Exercise brief: Do not include the pictures; repeat the rest of the data exactly.
#####
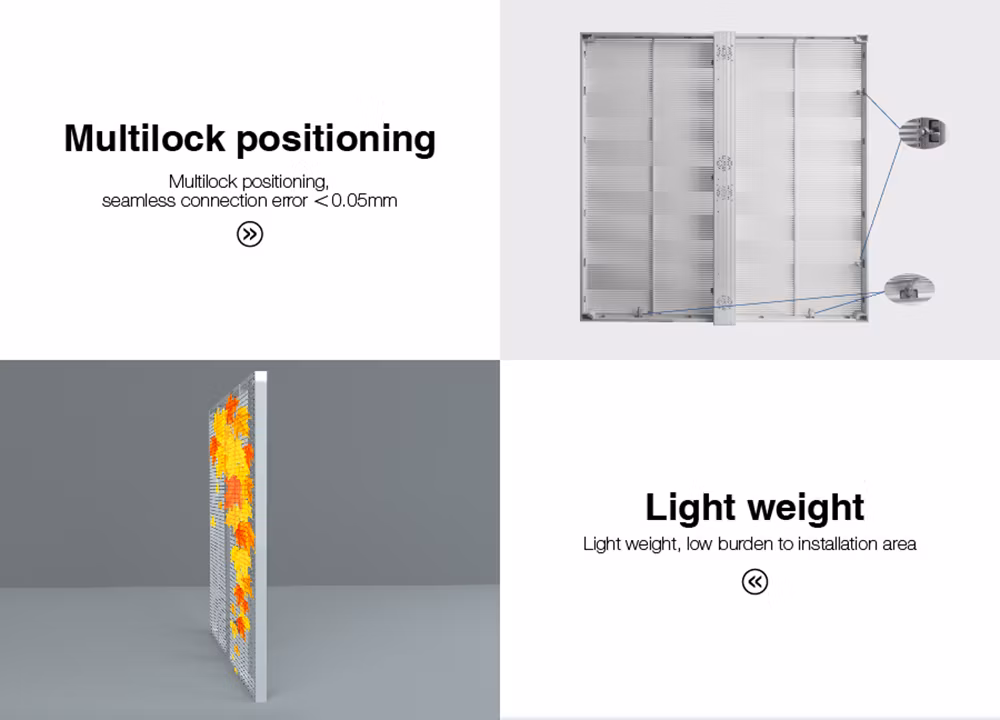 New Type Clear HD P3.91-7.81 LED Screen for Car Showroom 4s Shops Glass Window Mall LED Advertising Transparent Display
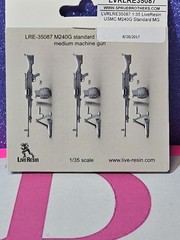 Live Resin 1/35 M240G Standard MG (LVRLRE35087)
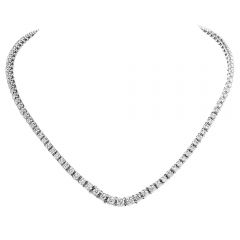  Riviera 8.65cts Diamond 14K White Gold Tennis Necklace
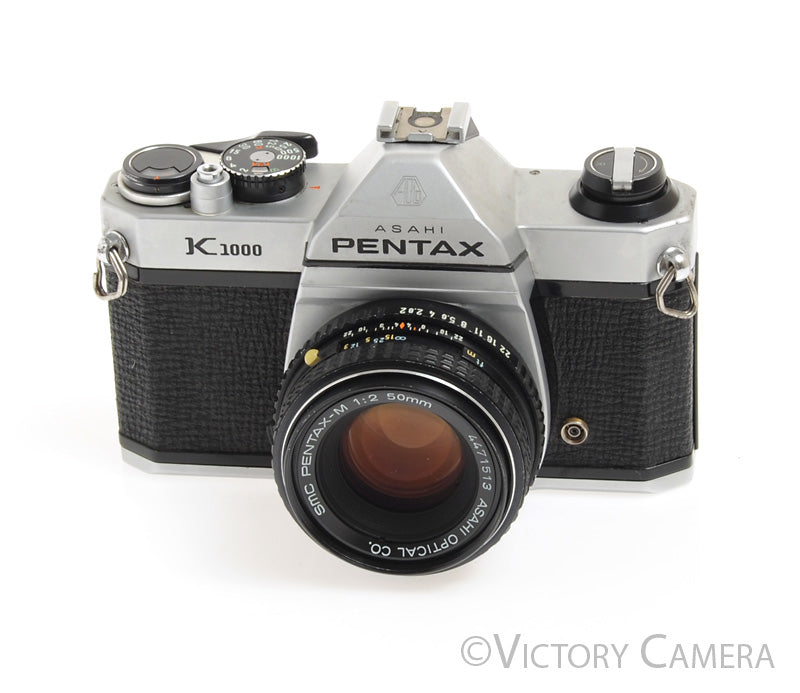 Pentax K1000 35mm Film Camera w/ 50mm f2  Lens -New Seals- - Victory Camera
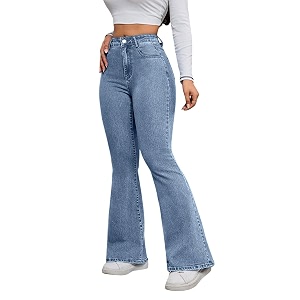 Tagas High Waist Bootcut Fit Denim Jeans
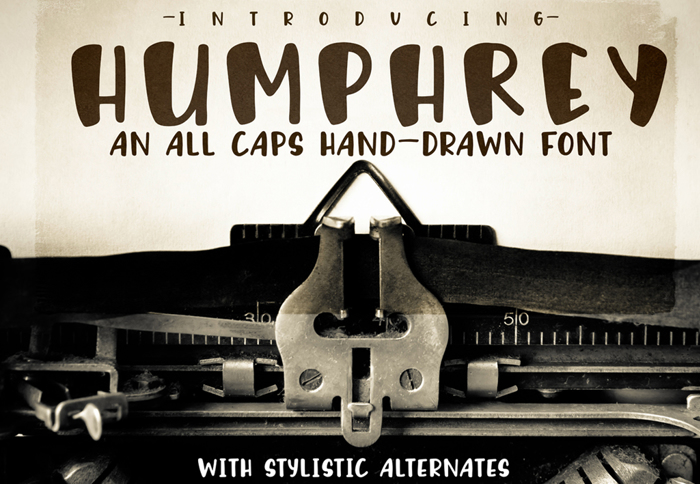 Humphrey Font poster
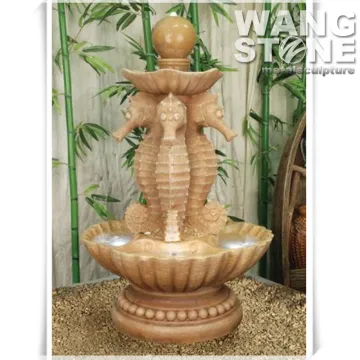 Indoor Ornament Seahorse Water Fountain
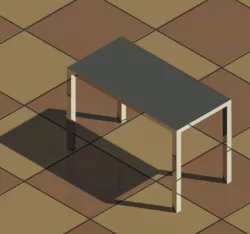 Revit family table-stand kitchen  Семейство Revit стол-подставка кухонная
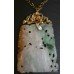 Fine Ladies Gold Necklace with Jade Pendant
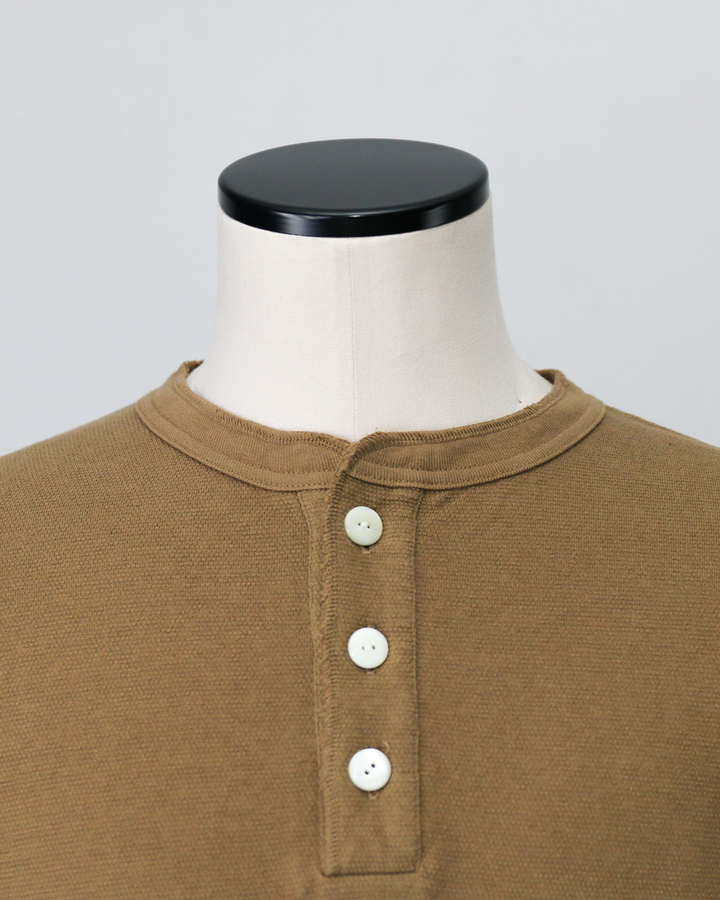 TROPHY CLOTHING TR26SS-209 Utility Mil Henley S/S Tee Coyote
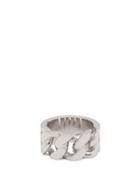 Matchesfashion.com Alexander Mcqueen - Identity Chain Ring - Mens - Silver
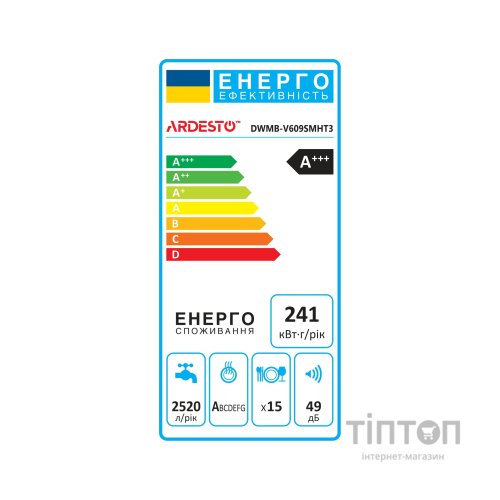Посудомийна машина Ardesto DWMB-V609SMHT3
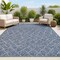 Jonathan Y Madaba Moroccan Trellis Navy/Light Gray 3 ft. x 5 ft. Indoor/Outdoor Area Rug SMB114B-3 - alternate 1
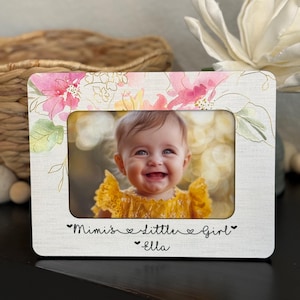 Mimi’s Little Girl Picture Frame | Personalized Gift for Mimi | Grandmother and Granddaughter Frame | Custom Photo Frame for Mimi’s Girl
#####
Result of this exercise:
 New Type Clear HD P3.91-7.81 LED Screen for Car Showroom 4s Shops Glass Window Mall LED Advertising Transparent Display
 Live Resin 1/35 M240G Standard MG (LVRLRE35087)
  Riviera 8.65cts Diamond 14K White Gold Tennis Necklace
 Pentax K1000 35mm Film Camera w/ 50mm f2  Lens -New Seals- - Victory Camera
 Tagas High Waist Bootcut Fit Denim Jeans
 Humphrey Font poster
 Indoor Ornament Seahorse Water Fountain
 Revit family table-stand kitchen  Семейство Revit стол-подставка кухонная
 Fine Ladies Gold Necklace with Jade Pendant
 TROPHY CLOTHING TR26SS-209 Utility Mil Henley S/S Tee Coyote
 Matchesfashion.com Alexander Mcqueen - Identity Chain Ring - Mens - Silver
Посудомийна машина Ardesto DWMB-V609SMHT3
 Jonathan Y Madaba Moroccan Trellis Navy/Light Gray 3 ft. x 5 ft. Indoor/Outdoor Area Rug SMB114B-3 - alternate 1
 Mimi’s Little Girl Picture Frame | Personalized Gift for Mimi | Grandmother and Granddaughter Frame | Custom Photo Frame for Mimi’s Girl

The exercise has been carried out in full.